Thought Leadership Resources

#94 Navigate the hazards of getting your firm published in niche media

In an age of Google, is it still worth for professional firms to get their ideas published in third party media, including (gasp) trade magazines? One of the central ideas of this blog is that it is worth the hassle.

Why? Well, third-party niche media are specifically designed to reach very senior people, with significant budgetary discretion.


To see how this works, let's consider that you’re with a firm that has set its sights on doing more work with the upstream oil and gas sector. In post #82, I went into some detail on why it’s worthwhile to get your firm’s ideas into trade and professional media. In this case, there are two numbers: 43,074 and 11,460.

The first figure is the number of readers of “E&P,” - “Exploration and Production,” the Houston-based publication covering that upstream oil and gas business. And who are those 43,074 readers? Very senior people in the upstream – VP level and above. How do we know that? We know because the publication takes audited surveys of its readers to respond to advertisers who are asking the same question.

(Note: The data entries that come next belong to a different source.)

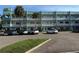 Three-story condominium building with white balconies, aqua accents, and parking, under a clear blue sky at 2455 Finlandia Ln # 3, Clearwater, FL 33763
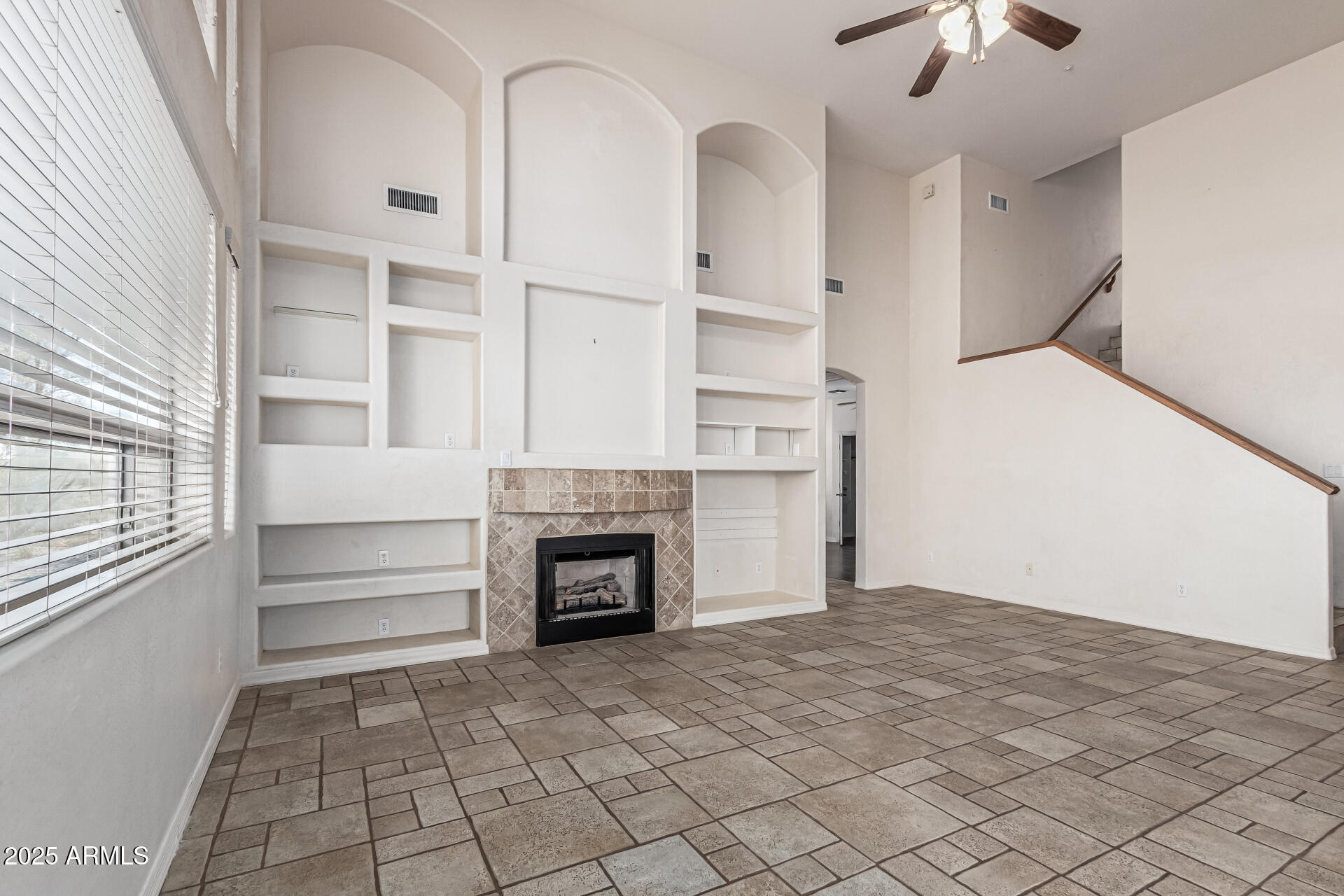 15639 West Peak View Road Surprise, AZ 85387 - Photo 24 of 131 a view of empty room with a fireplace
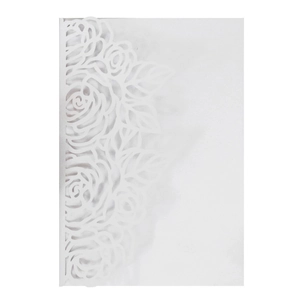 Close-up of white laser-cut wedding invitation featuring intricate rose and leaf patterns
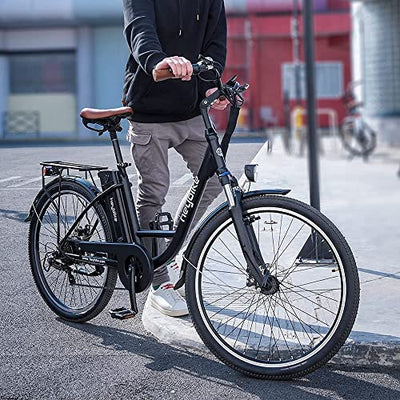 A man standing next to a Heybike Cityscape City Cruiser Electric Bike 350W 40-Mile Range 19 Mph on a city street.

And that’s where the other number comes in – 11,460 is the amount of US dollars it takes to buy a color advertising page in this publication. And E&P has a very healthy book of advertising clients, companies that pay significant money to get their messages in front of these readers.

So is it really better to get your ideas into a publication such as E&P, or publish them on your own and put your trust in Google or the strength of your email list?

That’s what this post is about -- trends in communications, and how you can work with those trends to get your firm’s ideas in front of potential clients through niche media.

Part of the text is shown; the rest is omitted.